Beck's style and strategy are notably different from Bratton's

The LAPD deputy chief picked to run the department says he is rooted in ties to rank-and-file officers rather than to the upper echelon, and plans to make changes from the bottom up.

November 05, 2009|Joel Rubin

For a man widely seen as the disciple of just-exited LAPD Chief William J. Bratton, Charlie Beck on Wednesday exhibited some notable contrasts in style and strategy from the man he was tapped to replace.

In an interview with Times reporters, editors and editorial board members, Deputy Chief Beck portrayed himself as a leader rooted by his ties to rank-and-file officers, as opposed to Bratton, who reformed the department by focusing on its upper echelon.

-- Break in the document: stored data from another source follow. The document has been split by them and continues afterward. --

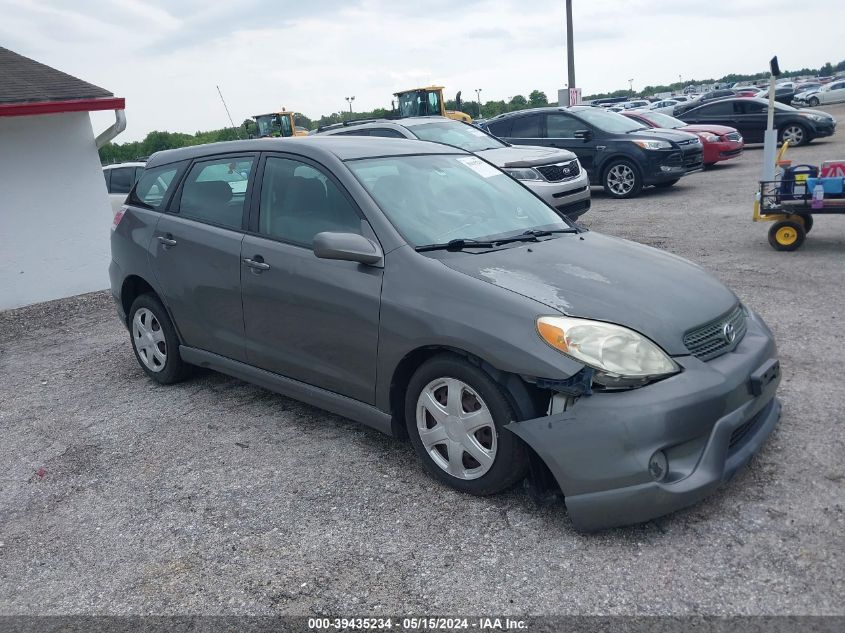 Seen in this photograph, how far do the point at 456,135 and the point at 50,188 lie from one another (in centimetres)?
598

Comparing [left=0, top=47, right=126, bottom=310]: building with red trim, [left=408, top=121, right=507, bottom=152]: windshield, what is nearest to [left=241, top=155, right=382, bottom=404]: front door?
[left=0, top=47, right=126, bottom=310]: building with red trim

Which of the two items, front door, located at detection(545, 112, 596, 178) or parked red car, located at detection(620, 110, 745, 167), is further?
parked red car, located at detection(620, 110, 745, 167)

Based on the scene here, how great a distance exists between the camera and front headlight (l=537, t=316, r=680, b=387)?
3266mm

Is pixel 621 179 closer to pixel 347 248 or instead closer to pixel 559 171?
pixel 559 171

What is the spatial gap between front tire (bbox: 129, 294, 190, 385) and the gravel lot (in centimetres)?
16

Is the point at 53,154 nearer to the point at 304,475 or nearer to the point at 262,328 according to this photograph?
the point at 262,328

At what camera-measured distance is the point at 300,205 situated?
15.0 ft

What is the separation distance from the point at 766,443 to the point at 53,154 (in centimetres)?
916

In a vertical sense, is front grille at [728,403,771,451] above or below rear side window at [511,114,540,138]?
below

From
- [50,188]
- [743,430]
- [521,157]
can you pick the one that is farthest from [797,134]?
[743,430]

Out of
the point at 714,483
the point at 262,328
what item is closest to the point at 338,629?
the point at 714,483

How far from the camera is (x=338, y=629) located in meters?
2.91

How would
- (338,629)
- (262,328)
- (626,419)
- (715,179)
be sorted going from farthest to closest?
1. (715,179)
2. (262,328)
3. (626,419)
4. (338,629)

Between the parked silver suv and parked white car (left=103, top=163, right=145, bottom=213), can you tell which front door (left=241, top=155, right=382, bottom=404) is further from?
parked white car (left=103, top=163, right=145, bottom=213) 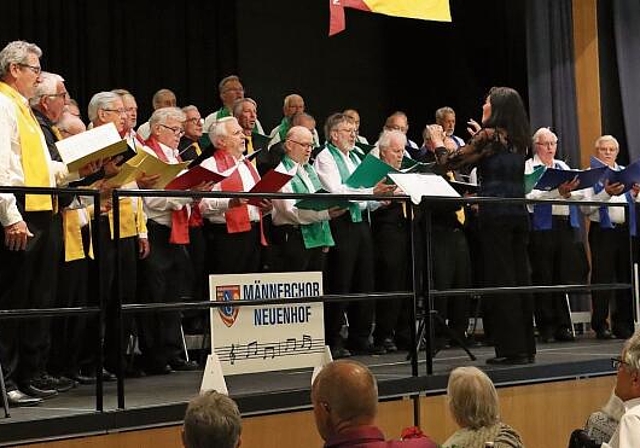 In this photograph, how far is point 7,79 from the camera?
5324 mm

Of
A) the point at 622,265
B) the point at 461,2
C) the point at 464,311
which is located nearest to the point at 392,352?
the point at 464,311

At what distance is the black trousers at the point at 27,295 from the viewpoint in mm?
5246

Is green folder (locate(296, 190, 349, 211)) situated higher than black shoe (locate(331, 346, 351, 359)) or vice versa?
green folder (locate(296, 190, 349, 211))

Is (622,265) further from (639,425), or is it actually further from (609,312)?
(639,425)

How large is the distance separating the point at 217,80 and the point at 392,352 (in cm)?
388

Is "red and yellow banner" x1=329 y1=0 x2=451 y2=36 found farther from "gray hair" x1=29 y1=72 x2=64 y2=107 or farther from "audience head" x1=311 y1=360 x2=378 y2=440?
"audience head" x1=311 y1=360 x2=378 y2=440

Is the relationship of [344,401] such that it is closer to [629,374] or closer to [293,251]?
[629,374]

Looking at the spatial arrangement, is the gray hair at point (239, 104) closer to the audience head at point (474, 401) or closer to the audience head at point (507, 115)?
the audience head at point (507, 115)

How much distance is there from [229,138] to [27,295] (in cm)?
173

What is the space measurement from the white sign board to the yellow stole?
820mm

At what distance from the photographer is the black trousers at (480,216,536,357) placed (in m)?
6.55

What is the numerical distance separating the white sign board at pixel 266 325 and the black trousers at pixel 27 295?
73 centimetres

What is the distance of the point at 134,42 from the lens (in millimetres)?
9953

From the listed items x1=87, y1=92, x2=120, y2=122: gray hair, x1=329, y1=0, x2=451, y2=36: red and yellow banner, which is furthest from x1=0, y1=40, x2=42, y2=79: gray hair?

The 32-year veteran of the Los Angeles Police Department said he would concentrate on pushing down reforms Bratton introduced into the mind-set of the thousands of officers who are the heart of the organization.

"The only way that real change is made is from the bottom up," he said. "You can mandate change from the top . . . but the only way an organization really changes is from the roots up; that's much more powerful. So what you'll see is different with me is I'm going to concentrate on the roots of the organization."

He said Bratton was successful in getting the department's upper management to accept his progressive vision for the LAPD because "that's his wheelhouse. With me, my wheelhouse is much more about the rank-and-file. I think that will be the major difference. . . . I see this as an evolution more than a revolution."

That focus, Beck said, will keep him in Los Angeles far more than Bratton, whose extensive travels to faraway places for conferences, speaking engagements and the like became a running joke for some and a point of contention for others.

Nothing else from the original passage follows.